Task details — Exact copies are required of the lines from the line containing "Hay Neon Ledrör, varmvit från HAY, bild 2" through the final line of the listing, both included, and of no other lines.

Stored data —
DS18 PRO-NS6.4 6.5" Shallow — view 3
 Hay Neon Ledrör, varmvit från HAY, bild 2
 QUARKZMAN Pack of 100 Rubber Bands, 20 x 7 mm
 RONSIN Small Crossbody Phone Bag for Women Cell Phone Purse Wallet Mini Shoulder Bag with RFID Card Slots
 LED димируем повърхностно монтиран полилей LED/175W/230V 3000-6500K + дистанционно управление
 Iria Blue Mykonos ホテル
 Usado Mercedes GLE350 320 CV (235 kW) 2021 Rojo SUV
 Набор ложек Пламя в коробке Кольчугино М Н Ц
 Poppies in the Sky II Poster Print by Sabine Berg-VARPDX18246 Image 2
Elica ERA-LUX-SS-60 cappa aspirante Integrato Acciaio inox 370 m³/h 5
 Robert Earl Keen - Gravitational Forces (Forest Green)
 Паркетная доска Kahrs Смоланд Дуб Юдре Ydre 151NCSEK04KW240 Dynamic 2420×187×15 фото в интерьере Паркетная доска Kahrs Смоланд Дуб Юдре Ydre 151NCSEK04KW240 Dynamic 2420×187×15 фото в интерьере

Problem solution —
 Hay Neon Ledrör, varmvit från HAY, bild 2
 QUARKZMAN Pack of 100 Rubber Bands, 20 x 7 mm
 RONSIN Small Crossbody Phone Bag for Women Cell Phone Purse Wallet Mini Shoulder Bag with RFID Card Slots
 LED димируем повърхностно монтиран полилей LED/175W/230V 3000-6500K + дистанционно управление
 Iria Blue Mykonos ホテル
 Usado Mercedes GLE350 320 CV (235 kW) 2021 Rojo SUV
 Набор ложек Пламя в коробке Кольчугино М Н Ц
 Poppies in the Sky II Poster Print by Sabine Berg-VARPDX18246 Image 2
Elica ERA-LUX-SS-60 cappa aspirante Integrato Acciaio inox 370 m³/h 5
 Robert Earl Keen - Gravitational Forces (Forest Green)
 Паркетная доска Kahrs Смоланд Дуб Юдре Ydre 151NCSEK04KW240 Dynamic 2420×187×15 фото в интерьере Паркетная доска Kahrs Смоланд Дуб Юдре Ydre 151NCSEK04KW240 Dynamic 2420×187×15 фото в интерьере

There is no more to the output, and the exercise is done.